Feature/scalar quantized off heap scoring
This adds off-heap scoring for our scalar quantization.
Opening as DRAFT as I still haven't fully tested out the performance characteristics. Opening early for discussion.
Half-byte is showing up as measurably slower with this change.
Candidate:
0.909 0.54
0.911 0.58
0.919 0.88
baseline:
0.909 0.30
0.911 0.33
0.919 0.47
Full-byte is slightly faster
candidate:
0.962 0.41
0.966 0.43
0.978 0.66
baseline:
0.962 0.47
0.966 0.48
0.978 0.73
are you reporting indexing times? query times?
are you reporting indexing times? query times?
Query times, single segment, 10k docs of 1024 dims.
Ok, I double checked, and indeed, half-byte is way slower when reading directly from memory segments instead of reading on heap. memsegment_vs_baseline.zip
The flamegraphs are wildly different.

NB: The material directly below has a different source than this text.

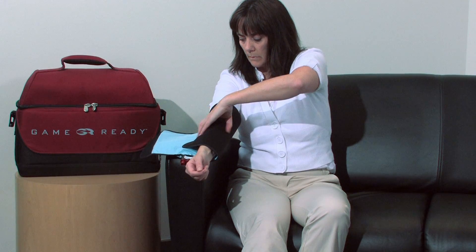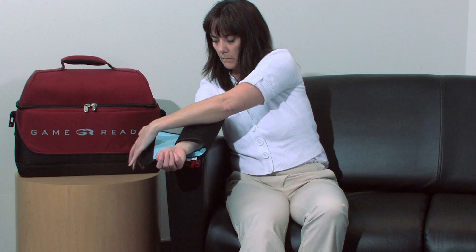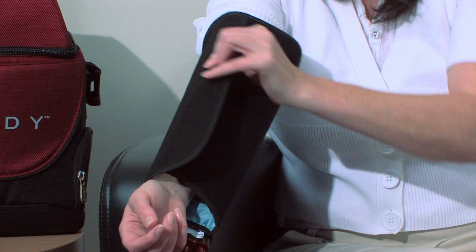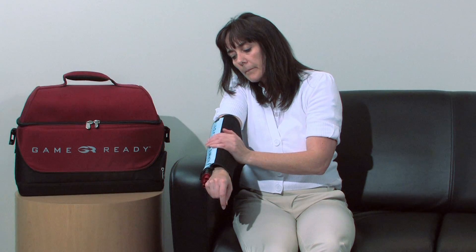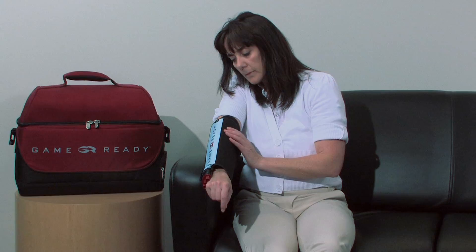Position your straightened arm on top of the wrap and secure the wrap snugly around the elbow. Always apply the wrap snugly against the body with no wrinkles or creases, allowing water to travel throughout the entire wrap.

So much more time is being spent reading from memory segment and then comparing the vectors
candidate (this PR):
baseline:
@ChrisHegarty have you seen a significant performance regression on MemorySegments & JDK22?
Doing some testing, I updated my performance testing for this PR to use JDK22 and now it is WAY slower, more than 2x slower, even for full-byte.
For int7, this branch is marginally faster (20%) with JDK21, but basically 2x slower on JDK22.
I wonder if our off-heap scoring for byte vectors also suffers on JDK22. The quantized scorer for int7 is just using those same methods.
To verify it wasn't some weird artifact in my code, I slightly changed it to where my execution path always reads the vectors on-heap and then wraps them in a memorysegment. Now JDK22 performs the same as JDK21 & the current baseline.
Its weird to me that reading from a memory segment onto ByteVector objects would be 2x slower on JDK22 than 21.
Regardless that its already much slower for the int4 case on both jdk 21 & 22.
Regardless that its already much slower for the int4 case on both jdk 21 & 22.
@benwtrent I was not aware, lemme take a look.
+1 to this feature
I work on Amazon product search, and in one of our searchers we see a high proportion of CPU cycles within HNSW search being spent in copying quantized vectors to heap:
Perhaps off-heap scoring could help us!
@kaivalnp feel free to take my initial work here and dig in deeper.
I haven't benchmarked it recently on later JVMs to figure out why I was experiencing such a weird slowdown when going off heap :/
Thanks @benwtrent! I opened #14863
I am gonna close this as work is progressing elsewhere, also, we should just move to off-heap bulk scoring ;)